A SaaS backup solution provides cloud-to-cloud backup, extending data protection and accessibility best practices to the cloud. It can protect against data loss due to a host of reasons:

  • User error
  • External security breach
  • Service failures
  • Ransomware

Cloud-to-cloud backup offers businesses faster backup and recovery speeds, and much like the major benefits of Microsoft 365, cloud backups are available anywhere, at any time.

A SaaS backup solution not only protects your company’s critical data, but ensures quick recovery in the event of a catastrophic loss.

What Backup Tools Are Available for Microsoft 365 Users?

As more businesses turn to the flexibility, efficiency and power of cloud-based office services, it’s time to start thinking differently as the end-user.

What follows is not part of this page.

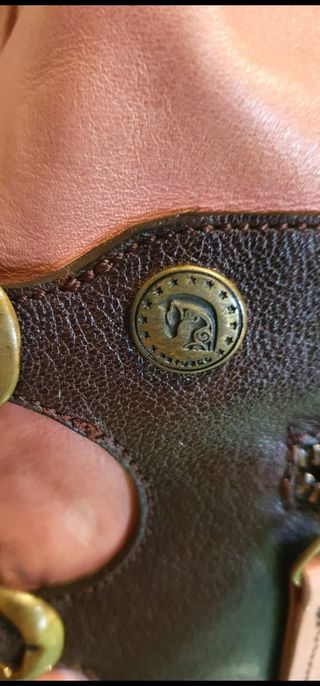 Bolso Petusco de auténtica piel.Nuevo
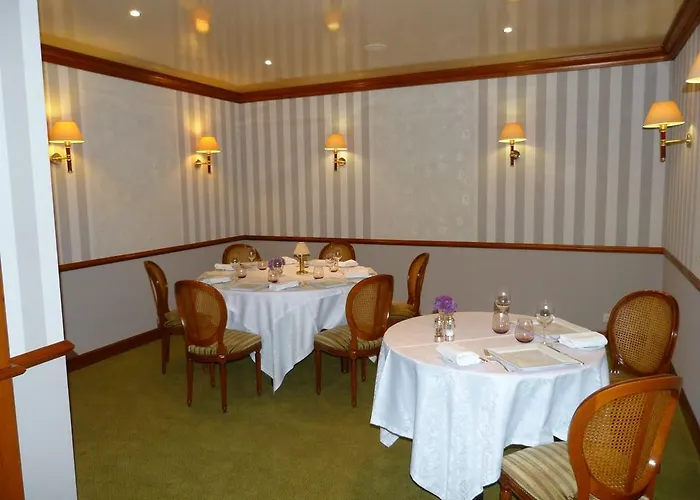 ホテル Logis Restaurant Le Gue Du Holme サン・カンタン・シュル・ル・オム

In addition to ensuring your Microsoft 365 administrator is properly set-up to keep your company’s information available and secure, you must realize that backing up your data is a shared responsibility.

Instead of asking yourself: How secure is my cloud-based office service? Ask: How can I securely use my cloud-based office service?

That means developing and implementing a reliable data backup and recovery strategy that goes beyond native functionality within Office 365.

Preparing for the worst to happen before it happens is good business. Relying on a third-party SaaS backup solution is smart business.

Data loss can occur for a number of reasons:

  • Accidental deletion
  • Departing employee
  • Ransomware or other hacking schemes
  • Malicious insider
  • Rogue applications
  • Provider’s outage

The best way to protect from any of these common causes is to adopt an independent backup solution. Backupify is a simple, cost-effective, automated and secure solution that mitigates personal and company risk in the cloud.

Backupify for Microsoft 365 ensures:

  • Microsoft 365 users and sites backed up three times a day
  • Unlimited storage
  • Captures snapshots of each users’ Microsoft Exchange online, Teams, OneDrive, SharePoint Online, Calendar, and Contacts
  • New user detection; Backup and automatic archiving of departing employees
  • Manage backups, restores, and exports easily via web UI
  • Built-in data encryption at rest and in transit; Core audit logs
  • Non-destructive restore, export capabilities
  • Restore files, sites, email, calendar directly into the live environment

With Backupify for Microsoft 365, your company will know there is a secure and reliable backup and restore solution in place, as your team takes advantage of the power and flexibility of working successfully in the cloud.